Superheroes rarely start out with a high-quality story; to earn respect they need years of good adventures (okay, mixed in with some awful ones that we get selective memory about). Even their powers tend to evolve over that time, until they pretend they were always that well positioned. Spiderman didn’t start out with spider-sense or even his signature agility; Stan Lee just drifted into that is his strongest power because it was the most suspenseful way for Spidey to fight. Superman didn’t fly, once.

But over the years, nobody’s ever thought Wonder Woman needed a niche of powers that were hers; as long as they could point to that lasso as one bit of variety, they were free to let her copy more and more of Superman. (Her costume too; Flash and Lantern had theirs redesigned a few times to reach the current perfection, but Wonder Woman doesn’t need to look unique, right?)

But now that she’s got a new spotlight, let’s take a second look at where she stands.

 

A Place in the Pantheon

If Superman is the biggest, the strongest, of the Justice League (which of course outpower any other superhero anywhere), he’s also considered a bit slow and awkward. Sure he’s got his own super-speed, but he’s still got a lack of aggression and training. He’s the tank or the battleship, the clumsy knight in full armor, the bulky battleaxe.

Of course Batman is the trickster, but he’s also got the least actual power. (At least, if he weren’t amped up so many favorite stories and fan love to demand he get the best moments.) He’s the recon plane, the spy you forget you sent out until he shows up in your tent with the enemy plans, the dagger.

The Flash? All speed and only so much else, like a fighter plane or light horseman, the rapier.

Green Lantern?

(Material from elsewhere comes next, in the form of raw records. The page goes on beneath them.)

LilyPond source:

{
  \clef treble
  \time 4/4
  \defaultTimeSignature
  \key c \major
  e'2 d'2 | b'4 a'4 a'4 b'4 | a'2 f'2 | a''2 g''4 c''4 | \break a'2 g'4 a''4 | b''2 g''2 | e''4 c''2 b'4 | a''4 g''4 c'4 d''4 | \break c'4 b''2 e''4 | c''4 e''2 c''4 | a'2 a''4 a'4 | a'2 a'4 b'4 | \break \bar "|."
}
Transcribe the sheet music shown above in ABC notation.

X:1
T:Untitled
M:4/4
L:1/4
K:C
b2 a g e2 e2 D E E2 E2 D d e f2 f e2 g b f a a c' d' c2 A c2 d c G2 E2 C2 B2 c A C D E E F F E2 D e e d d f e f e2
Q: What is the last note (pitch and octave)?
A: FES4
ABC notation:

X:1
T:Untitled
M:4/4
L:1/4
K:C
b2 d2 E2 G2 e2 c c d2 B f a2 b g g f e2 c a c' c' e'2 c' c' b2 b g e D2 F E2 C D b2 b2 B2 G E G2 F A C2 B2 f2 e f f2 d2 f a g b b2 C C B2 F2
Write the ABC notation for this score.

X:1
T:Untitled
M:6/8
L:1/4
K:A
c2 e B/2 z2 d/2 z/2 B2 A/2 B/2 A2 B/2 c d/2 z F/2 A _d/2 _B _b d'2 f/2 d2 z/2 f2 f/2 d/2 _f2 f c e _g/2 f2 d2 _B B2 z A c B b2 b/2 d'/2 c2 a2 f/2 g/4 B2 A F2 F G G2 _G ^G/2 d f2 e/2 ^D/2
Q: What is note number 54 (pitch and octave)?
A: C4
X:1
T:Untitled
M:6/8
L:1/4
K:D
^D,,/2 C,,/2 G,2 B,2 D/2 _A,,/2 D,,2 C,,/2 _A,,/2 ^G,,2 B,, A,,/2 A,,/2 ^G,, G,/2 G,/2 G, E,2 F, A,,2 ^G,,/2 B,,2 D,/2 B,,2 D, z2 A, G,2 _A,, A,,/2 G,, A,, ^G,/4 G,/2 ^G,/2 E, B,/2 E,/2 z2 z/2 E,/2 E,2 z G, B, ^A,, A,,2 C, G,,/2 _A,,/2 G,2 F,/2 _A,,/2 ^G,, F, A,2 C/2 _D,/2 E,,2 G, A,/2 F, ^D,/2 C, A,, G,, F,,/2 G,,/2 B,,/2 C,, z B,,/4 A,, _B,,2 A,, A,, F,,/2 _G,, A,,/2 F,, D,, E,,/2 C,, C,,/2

Artillery, the bow. (Too bad Green Arrow’s a separate character; a cosmic bow would have been so much cooler than a glowing ring.)

And there’s no specialty left for Wonder Woman.

Because she’s got them all.

Maybe not as sneaky as Batman, but she’s a true strategist and trained warrior. Fast, and with her own weapons too. And strong… DC wasted a whole movie seeing if Batman could beat Superman, but with her skills and near-equal strength Wonder Woman should take the blue boy apart.

(And that’s without the lasso that brings up his vulnerability to magic!)

Wonder Woman might be the perfect balance, the center and the leader of the whole Justice League. The sword (she likes swords), of the true hero.

It’s just a thought, from looking at the iconology.

That and, right now she deserves to lead.